[[ Provided entries, beginning ]]

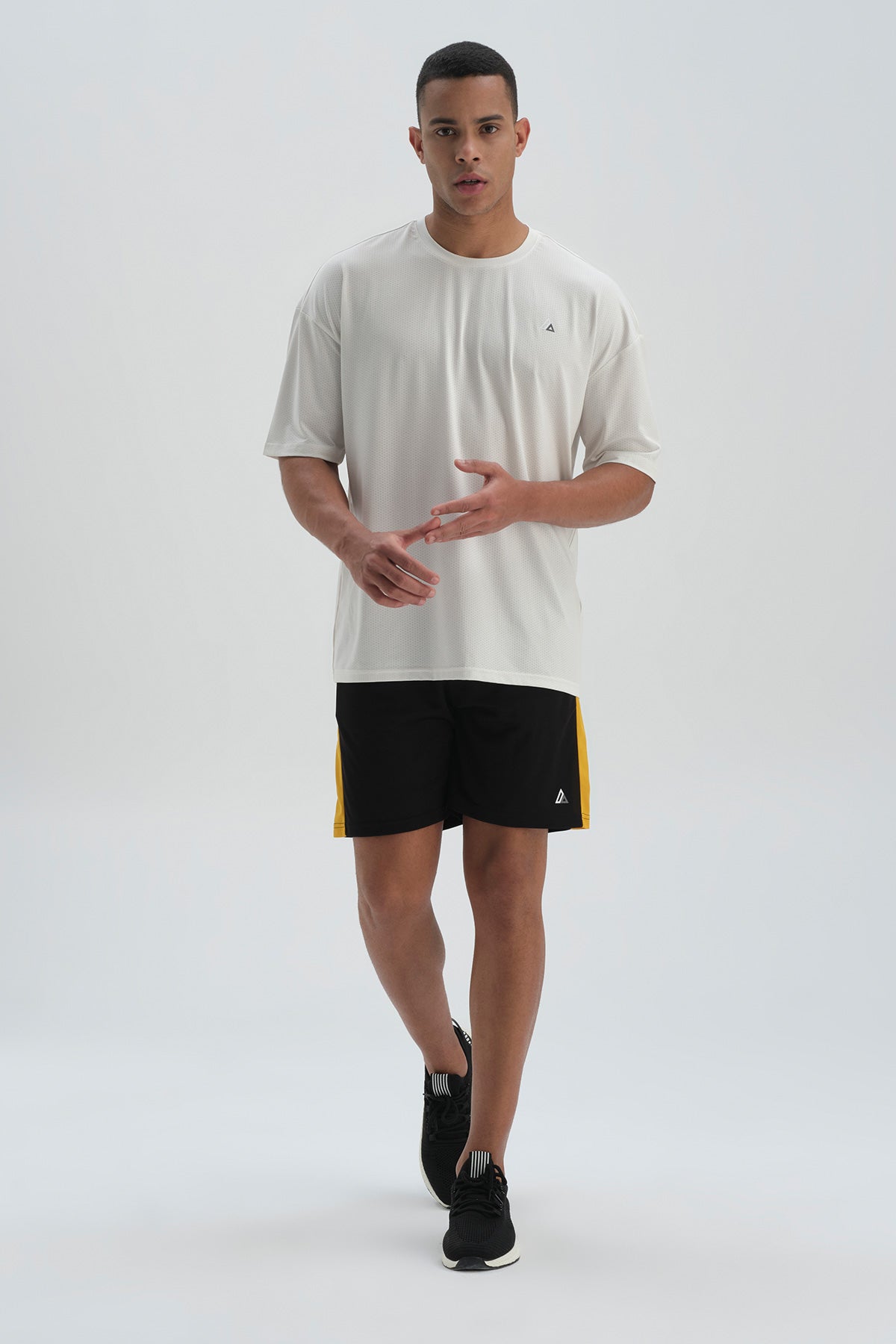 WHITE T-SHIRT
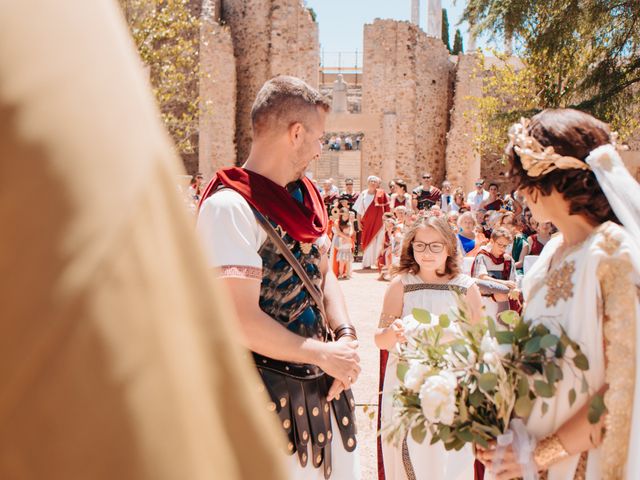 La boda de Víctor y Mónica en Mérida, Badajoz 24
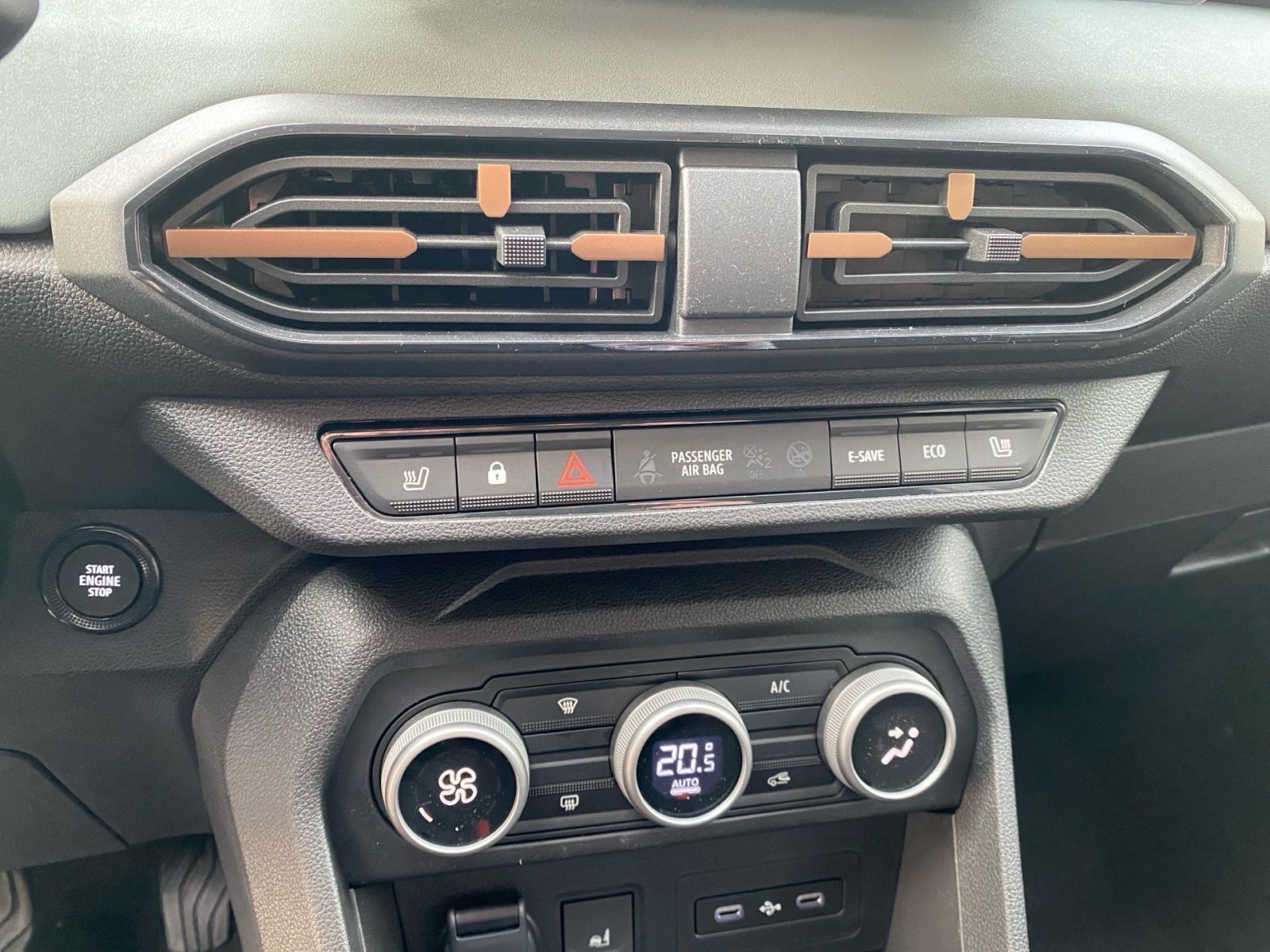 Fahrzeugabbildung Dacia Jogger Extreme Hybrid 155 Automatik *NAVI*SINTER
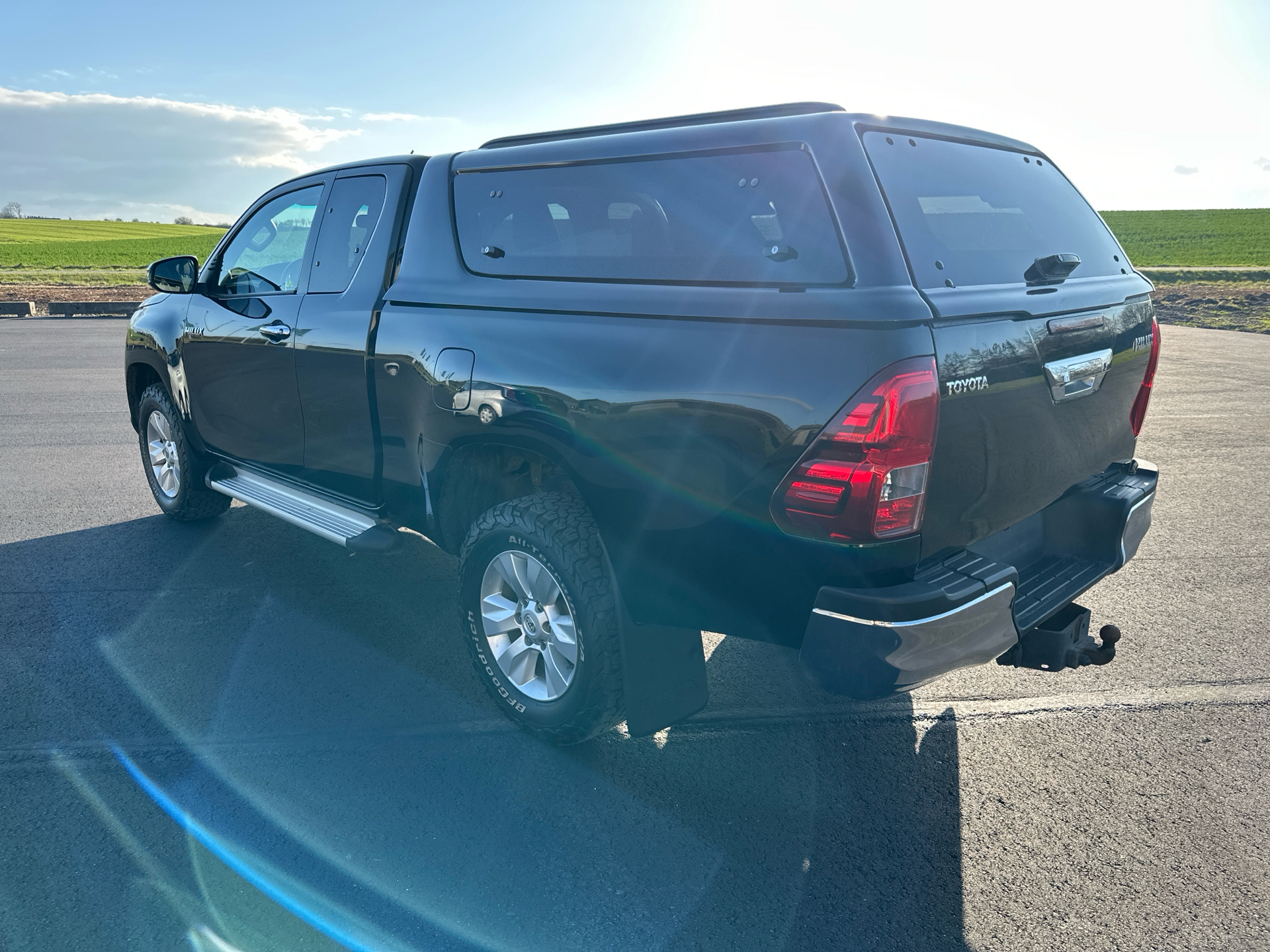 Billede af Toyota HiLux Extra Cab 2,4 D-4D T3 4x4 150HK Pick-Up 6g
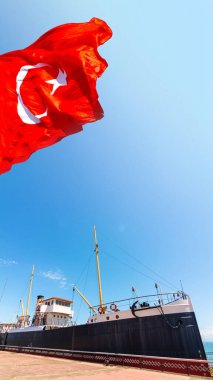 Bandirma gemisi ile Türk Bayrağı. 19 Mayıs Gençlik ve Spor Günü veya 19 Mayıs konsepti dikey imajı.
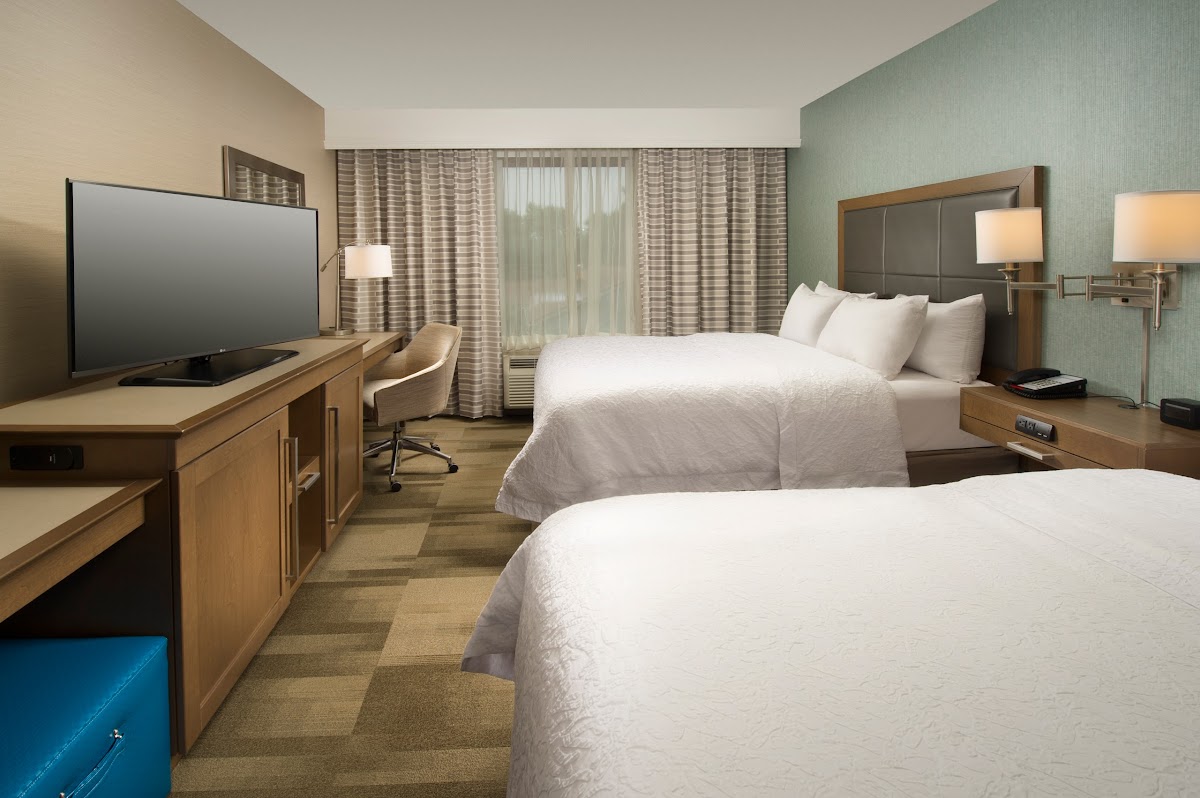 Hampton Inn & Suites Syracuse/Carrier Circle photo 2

[[ Provided entries, end ]]

- _Work required_
Repeat exactly the lines from the one containing "Bandirma gemisi ile" to the last line of the data above, both included, and write no pictures into the copy.

- _Problem solution_
 Bandirma gemisi ile Türk Bayrağı. 19 Mayıs Gençlik ve Spor Günü veya 19 Mayıs konsepti dikey imajı.
 Hampton Inn & Suites Syracuse/Carrier Circle photo 2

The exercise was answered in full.